▸ WORK INSTRUCTIONS: Please repeat exactly the lines below from the line with "VERMEIL par iena「《予約》Shark skin コート」|その他|" to the line with "X96 X4 8K Smart", including both, and leave out every picture.

▸ THE DATA:
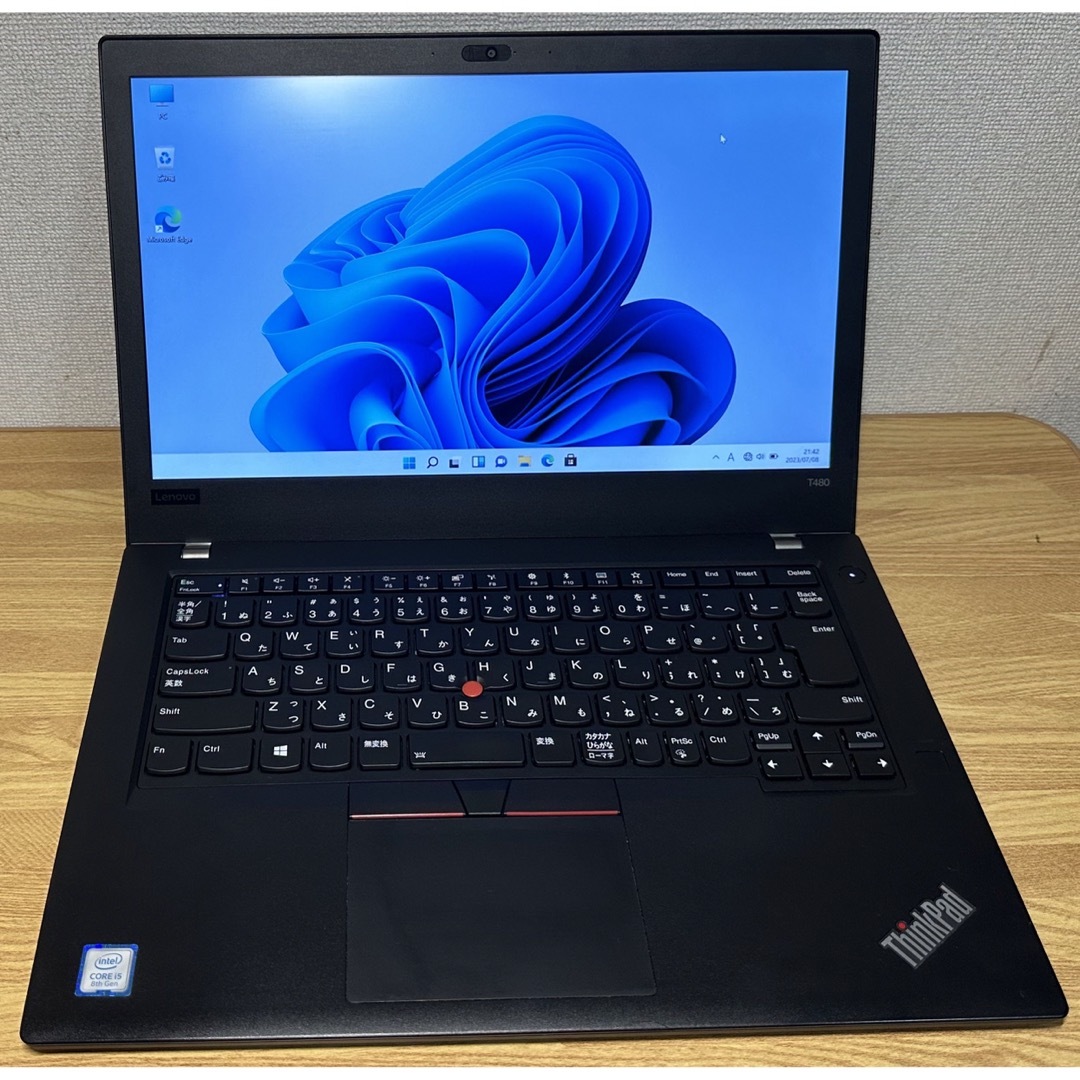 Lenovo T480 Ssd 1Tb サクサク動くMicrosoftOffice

---

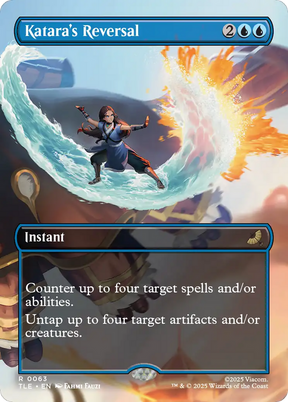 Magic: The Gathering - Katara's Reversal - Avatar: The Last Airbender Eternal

==

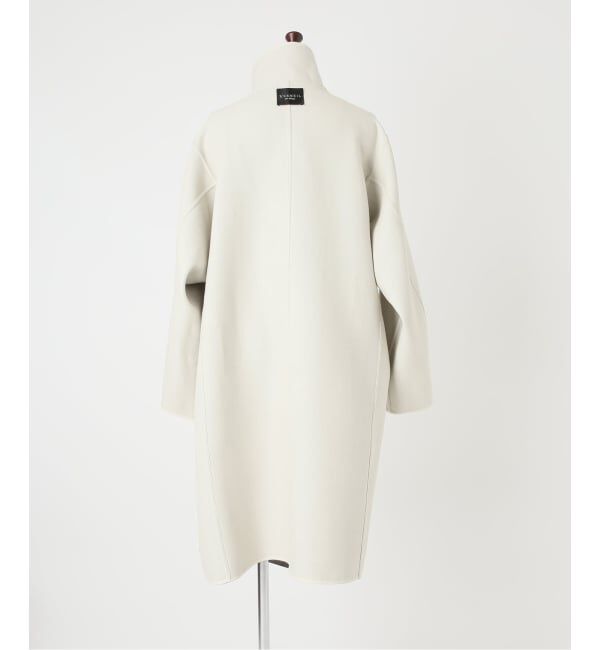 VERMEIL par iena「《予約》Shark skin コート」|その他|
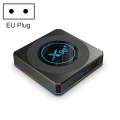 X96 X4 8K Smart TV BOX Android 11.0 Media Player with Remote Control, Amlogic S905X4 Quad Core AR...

▸ TASK RESULT:
 VERMEIL par iena「《予約》Shark skin コート」|その他|
 X96 X4 8K Smart TV BOX Android 11.0 Media Player with Remote Control, Amlogic S905X4 Quad Core AR...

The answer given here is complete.